Так что борьба между матерью и сыном более ярко выражена в доме, в котором Триер вырос и где жил потом сначала с первой женой, а потом с нынешней. У дома теперь новая хозяйка, которая, правда, снова выставила его на продажу, но позволила нам зайти на экскурсию.
– О, это будет забавно, – весело говорит режиссер, который, как выяснится чуть позже, не вполне представляет себе, какую власть старый дом по прежнему имеет над его психикой. – Я прямо жду с нетерпением.
Мы выходим на залитое солнцем крыльцо, спускаемся по тропинке, обходим теплицу по выложенной плиткой дорожке и выходим на улицу. По левую руку тянется железнодорожное полотно, по правую, чуть пониже, сквозь пышный пейзаж вьется, как ленивая плоская змея под солнцем, речка Мелле. Мы поднимаемся по ступенькам у старой красной будки на станции Эрхольм, переходим дорогу, спускаемся с другой стороны насыпи – и вот он перед нами, слева, осталось сделать всего несколько шагов. Исландсвай, 24. Большой тяжелый белый дом с поперечными перекладинами на окнах и блестящей черной черепичной крышей, круто карабкающейся к небу и делающей дом похожим на дворец.
– Я, кстати, тоже мечтал сделать у себя такую черную черепичную крышу, – говорит Ларс фон Триер, когда мы срезаем путь через лужайку и входим в арку в белой стене. – Раньше крыша была красной, и стены в мамино время тоже. Если бы она увидела, как это выглядит сейчас, она бы сказала, что это занудно. Потому что сочетание черного и белого делает дом гораздо больше похожим на дворец, чем он на самом деле на него похож.
Мы останавливаемся у тяжелой покрытой черным лаком двери с округлым верхом, и каждый из нас ждет действий со стороны другого. Проходит пара секунд, но не похоже, чтобы кто-то из нас собрался постучать в дверь. Только тогда я понимаю, как двойственно он на самом деле относится к этому визиту.
– Я, если честно, очень нервничаю, – признается он. – Я еще утром это понял.
Бергмановское расстройство желудка
Первые пять минут мы беспокойно бродим по первому этажу, как две собаки, неустанно ищущие след. Он идет впереди, я за ним. В гостиную, обратно в кухню, на террасу и обратно в дом. Он озабоченно меряет шагами свои бывшие владения, делает четыре шага в одном направлении, потом три в другом, взгляд его мечется по сторонам. Останавливается, переводит дыхание, немного запоздало оформляет свои впечатления в слова, которые вырываются у него по капле, с перерывами, как вода из неисправного крана.
Наконец мы выходим на террасу, где останавливаемся на пару минут, рассматривая газон между высокими деревьями. Воздух холодный, но, оказавшись на солнце, мы быстро потеем. Режиссер снимает очки, вытирает глаза запястьем, чешет за ухом и оглядывается по сторонам, прежде чем снова наполнить легкие и нырнуть в очаг страха. В следующий раз он останавливается на кухне.

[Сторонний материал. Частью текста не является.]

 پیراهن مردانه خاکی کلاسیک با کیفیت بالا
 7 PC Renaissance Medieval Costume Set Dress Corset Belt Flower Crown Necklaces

– Дом на меня действует почти удушающе, – говорит он, когда я его нагоняю. – И это очень странно, потому что я все время думаю о маме.
Мы поднимаемся по ступенькам и оказываемся в большой угловатой гостиной, обставленной современной мебелью из светло-коричневой кожи, с черной каминной пристройкой у стены, которую сделала еще его мама.
– Газобетон, – усмехается он. – И конечно, ее непременно нужно было сделать шестиугольной, из-за чего ее практически невозможно вписать в меблировку. Но как же, это же архитектор нарисовал. Паркет положил уже я, она бы это никогда не сделала. При ней тут был бетонный пол, выкрашенный в серый цвет. Вещи ведь не должны выдавать себя за что-то, чем они не являются.